You Get What You Permit in a Relationship

Dear Neil: Help me with what I should do. I’m 29, and my wife of three years is unemployed and only occasionally interested in looking for work. In the meantime, I am needing to support both of us, pay the mortgage and pay for her health care and prescription drugs. That leaves me very little left for my own interests and needs. Even so, that isn’t enough for her. She also wants manicures, pedicures, beauty parlor appointments and massages, which she charges on our joint charge card. So we are going into greater levels of debt every month, because I don’t earn enough to pay for all of this.

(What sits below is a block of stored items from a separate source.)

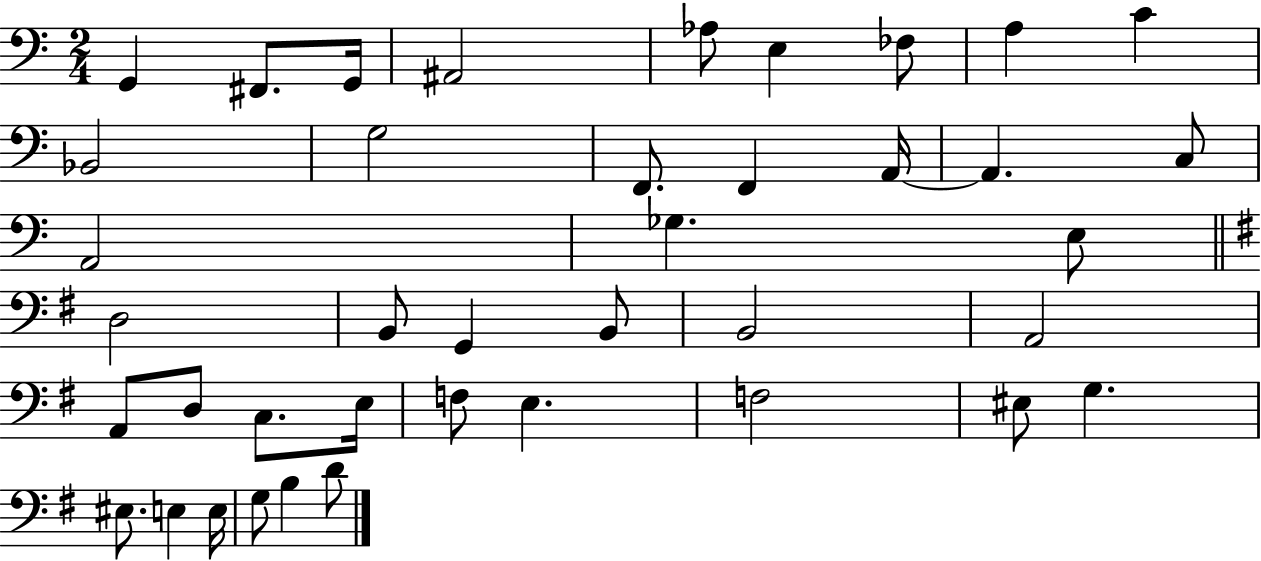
{
  \clef bass
  \numericTimeSignature
  \time 2/4
  \key c \major
  g,4 fis,8. g,16 | ais,2 | aes8 e4 fes8 | a4 c'4 | \break bes,2 | g2 | f,8. f,4 a,16~~ | a,4. c8 | \break a,2 | ges4. e8 | \bar "||" \break \key g \major d2 | b,8 g,4 b,8 | b,2 | a,2 | \break a,8 d8 c8. e16 | f8 e4. | f2 | eis8 g4. | \break eis8. e4 e16 | g8 b4 d'8 | \bar "|."
}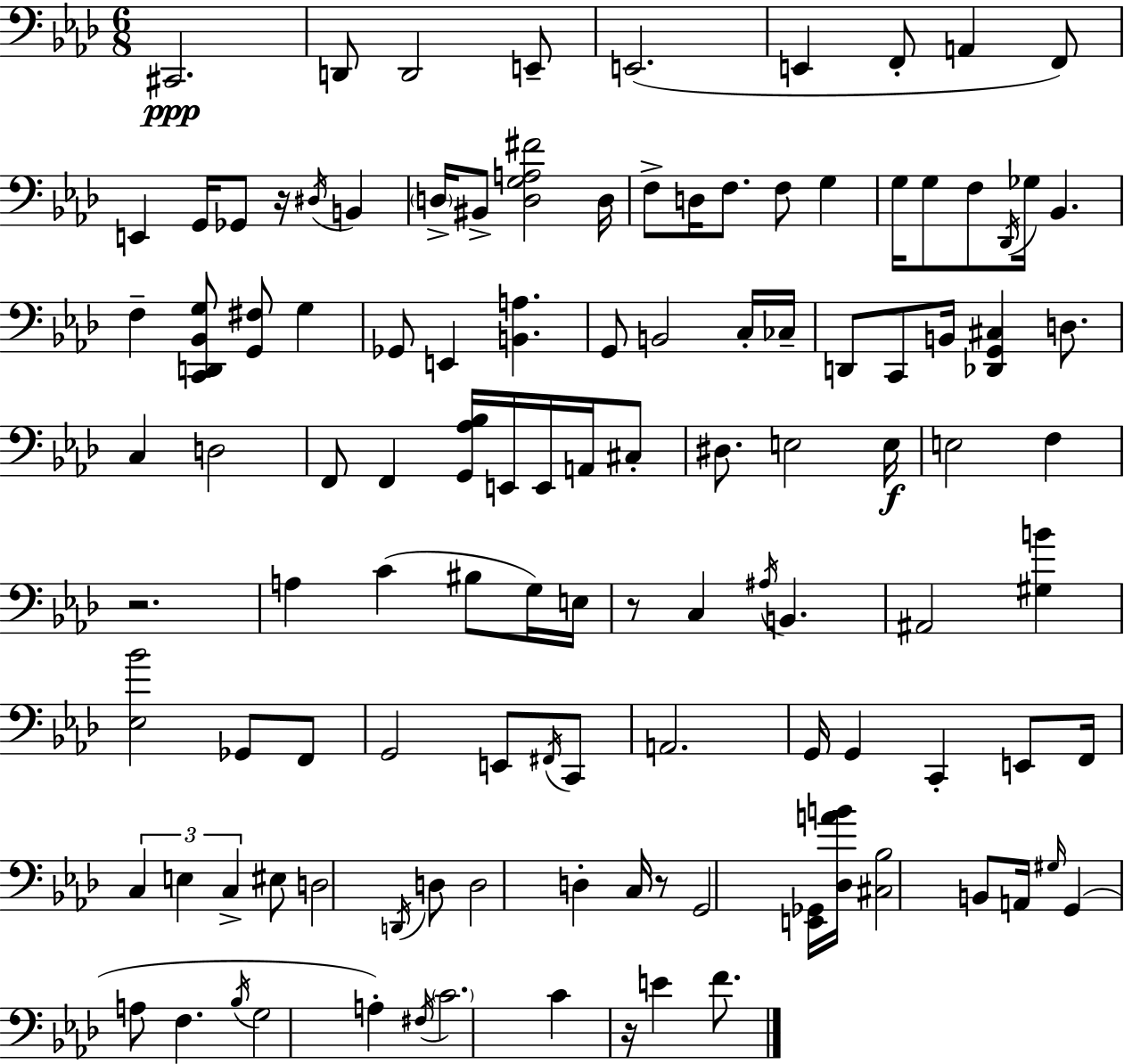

Then she told me that she wanted us to spend a week visiting her family, which would require me taking time off of work, as well as airplane flights and other costs. When I said we can’t afford to go visit her family, she raged and became verbally abusive toward me.

I have always been a generous and giving person, emotionally as well as financially. I have been extremely sympathetic about the multiple jobs she has been turned down for, or when she has rather severe pre-menstrual crying jags. But I don’t feel I have a wife who’s giving back to me or who is being responsive to my feelings and needs—especially my fear of losing everything we’ve got because we’re being so irresponsible with money and debt. What would you advise me to do?

Going Off the Deep End in Australia

Dear Australia: An intimate relationship is a blend between two people. There’s what you want and need, and there’s what she wants and needs—and both are very important. If either of you feel that your needs are not being honored, there’s going to be trouble. And that’s exactly what you’ve described is happening between you and your wife.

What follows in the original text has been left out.